The Bard’s untamed shrew: Shakespeare and the Countess by Chris Laoutaris

The Countess Russell drew up a petition to prevent Blackfriars Theatre from opening and to drive the dramatist and his wretched troupe from her turf.

By Frances Wilson

Drama queen: the Countess Russell. Image: Red Edge/Girts Gailans

Shakespeare and the Countess:
The Battle That Gave Birth to the Globe

Chris Laoutaris
Fig Tree, 503pp, £20

Shakespeare was the neighbour from hell, according to Elizabeth Russell, the dowager countess of Bedford and Puritan zealot who had the misfortune to live next to his newly built Blackfriars Theatre.

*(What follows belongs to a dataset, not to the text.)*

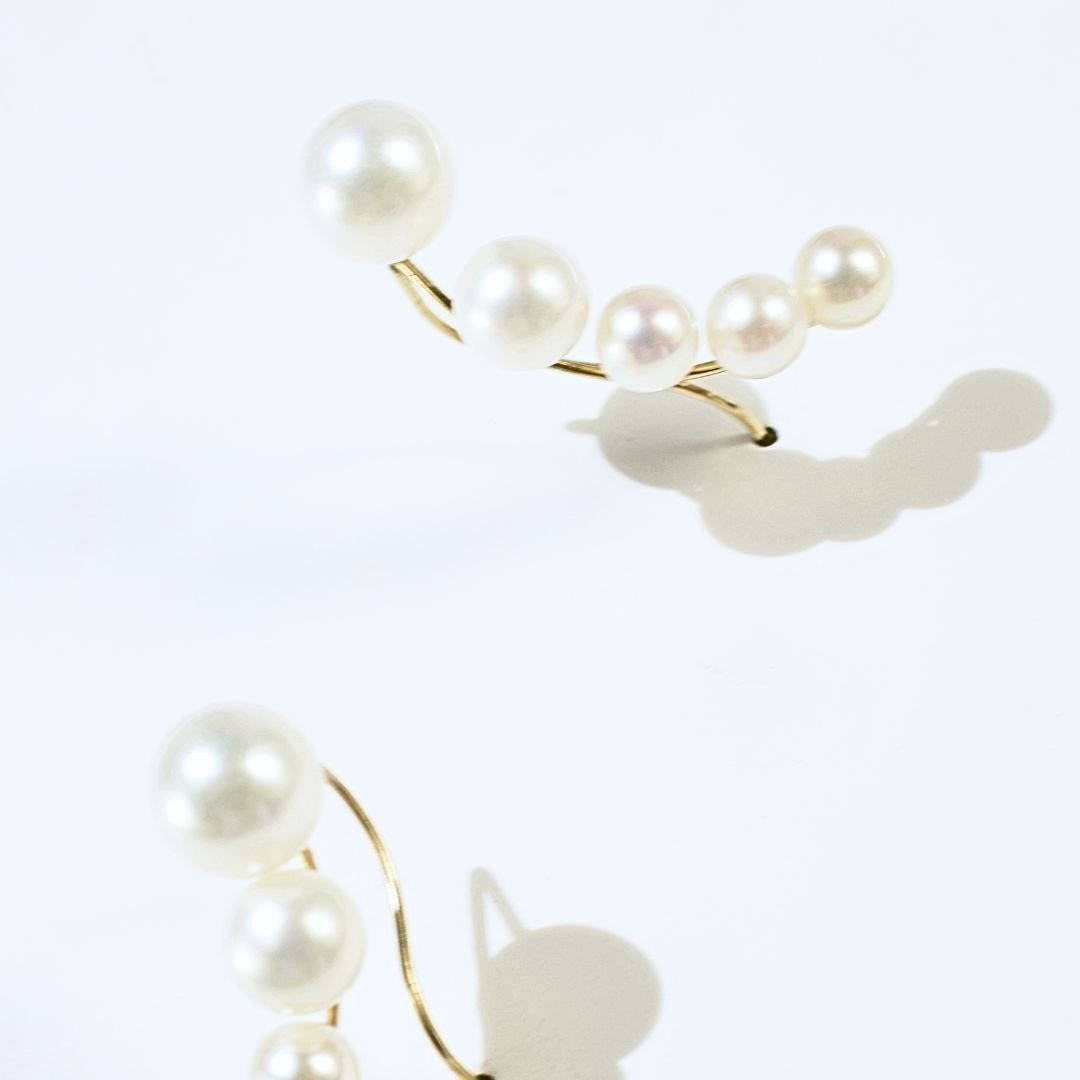 14K Graduating Pearl Ear Climber Earrings (4).jpg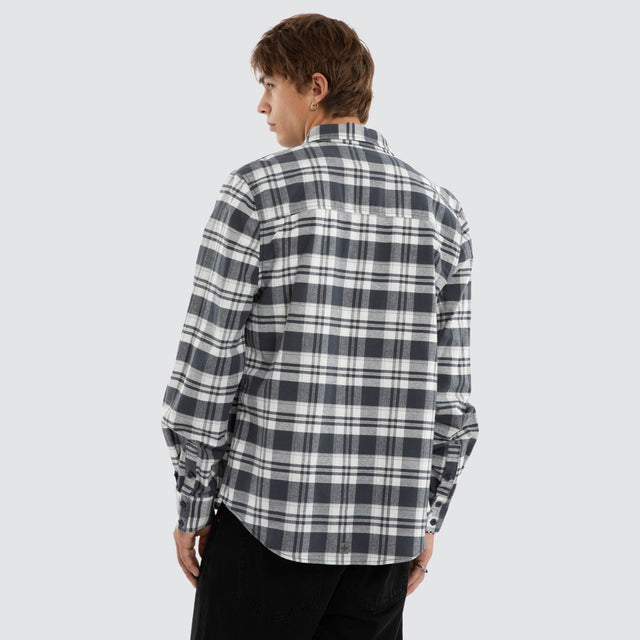 Model wears Vista Long Sleeve Shirt Grey Check Long Sleeve Shirts Grey – image 4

Not only did she put up for months with the hammering and clattering of builders, whose carts of rubble rattled ceaselessly past her front door, but once the “house of Satan” was complete, she faced a future of roads gridlocked with revellers as well as the interminable racket of “drums and trumpets” rising from the stage. Shakespeare’s business partner James Burbage was hoping to create a state-of-the-art playhouse to attract a quality audience, but as far as Elizabeth was concerned, any audience was corrupting public morals. Preferring the “divine service and sermons”, she considered the theatre to be at best a “market of bawdry” and at worst the focus of civil unrest.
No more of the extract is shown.